[Data excerpts — start]

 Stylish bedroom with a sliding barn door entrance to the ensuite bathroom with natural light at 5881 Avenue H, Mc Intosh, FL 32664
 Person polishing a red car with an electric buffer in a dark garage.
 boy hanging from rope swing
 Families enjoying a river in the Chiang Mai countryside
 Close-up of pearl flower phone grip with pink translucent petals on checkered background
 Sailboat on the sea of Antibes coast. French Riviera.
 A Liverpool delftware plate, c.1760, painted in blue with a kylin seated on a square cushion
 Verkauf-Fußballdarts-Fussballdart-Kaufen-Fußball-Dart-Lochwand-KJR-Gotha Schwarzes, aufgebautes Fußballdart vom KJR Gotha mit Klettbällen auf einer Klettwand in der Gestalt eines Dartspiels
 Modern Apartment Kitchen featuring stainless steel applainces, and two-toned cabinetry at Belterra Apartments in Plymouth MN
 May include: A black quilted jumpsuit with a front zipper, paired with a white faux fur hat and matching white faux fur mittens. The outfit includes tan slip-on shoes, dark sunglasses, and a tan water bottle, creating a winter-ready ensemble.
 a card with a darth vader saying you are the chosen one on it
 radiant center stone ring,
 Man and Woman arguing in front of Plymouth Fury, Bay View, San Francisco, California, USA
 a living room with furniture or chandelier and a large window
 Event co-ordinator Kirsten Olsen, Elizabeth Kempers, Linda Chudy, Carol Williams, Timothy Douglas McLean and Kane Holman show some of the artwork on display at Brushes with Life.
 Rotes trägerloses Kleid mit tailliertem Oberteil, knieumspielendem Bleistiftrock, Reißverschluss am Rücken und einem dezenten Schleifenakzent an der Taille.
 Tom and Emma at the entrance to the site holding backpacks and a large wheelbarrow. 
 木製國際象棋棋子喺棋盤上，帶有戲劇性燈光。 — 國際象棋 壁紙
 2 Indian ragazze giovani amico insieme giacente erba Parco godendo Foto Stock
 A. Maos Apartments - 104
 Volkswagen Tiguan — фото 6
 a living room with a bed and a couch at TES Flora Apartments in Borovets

[Data excerpts — finish]

== Task item ==
Retype the entries precisely as they stand.

== Result below ==
 Stylish bedroom with a sliding barn door entrance to the ensuite bathroom with natural light at 5881 Avenue H, Mc Intosh, FL 32664
 Person polishing a red car with an electric buffer in a dark garage.
 boy hanging from rope swing
 Families enjoying a river in the Chiang Mai countryside
 Close-up of pearl flower phone grip with pink translucent petals on checkered background
 Sailboat on the sea of Antibes coast. French Riviera.
 A Liverpool delftware plate, c.1760, painted in blue with a kylin seated on a square cushion
 Verkauf-Fußballdarts-Fussballdart-Kaufen-Fußball-Dart-Lochwand-KJR-Gotha Schwarzes, aufgebautes Fußballdart vom KJR Gotha mit Klettbällen auf einer Klettwand in der Gestalt eines Dartspiels
 Modern Apartment Kitchen featuring stainless steel applainces, and two-toned cabinetry at Belterra Apartments in Plymouth MN
 May include: A black quilted jumpsuit with a front zipper, paired with a white faux fur hat and matching white faux fur mittens. The outfit includes tan slip-on shoes, dark sunglasses, and a tan water bottle, creating a winter-ready ensemble.
 a card with a darth vader saying you are the chosen one on it
 radiant center stone ring,
 Man and Woman arguing in front of Plymouth Fury, Bay View, San Francisco, California, USA
 a living room with furniture or chandelier and a large window
 Event co-ordinator Kirsten Olsen, Elizabeth Kempers, Linda Chudy, Carol Williams, Timothy Douglas McLean and Kane Holman show some of the artwork on display at Brushes with Life.
 Rotes trägerloses Kleid mit tailliertem Oberteil, knieumspielendem Bleistiftrock, Reißverschluss am Rücken und einem dezenten Schleifenakzent an der Taille.
 Tom and Emma at the entrance to the site holding backpacks and a large wheelbarrow. 
 木製國際象棋棋子喺棋盤上，帶有戲劇性燈光。 — 國際象棋 壁紙
 2 Indian ragazze giovani amico insieme giacente erba Parco godendo Foto Stock
 A. Maos Apartments - 104
 Volkswagen Tiguan — фото 6
 a living room with a bed and a couch at TES Flora Apartments in Borovets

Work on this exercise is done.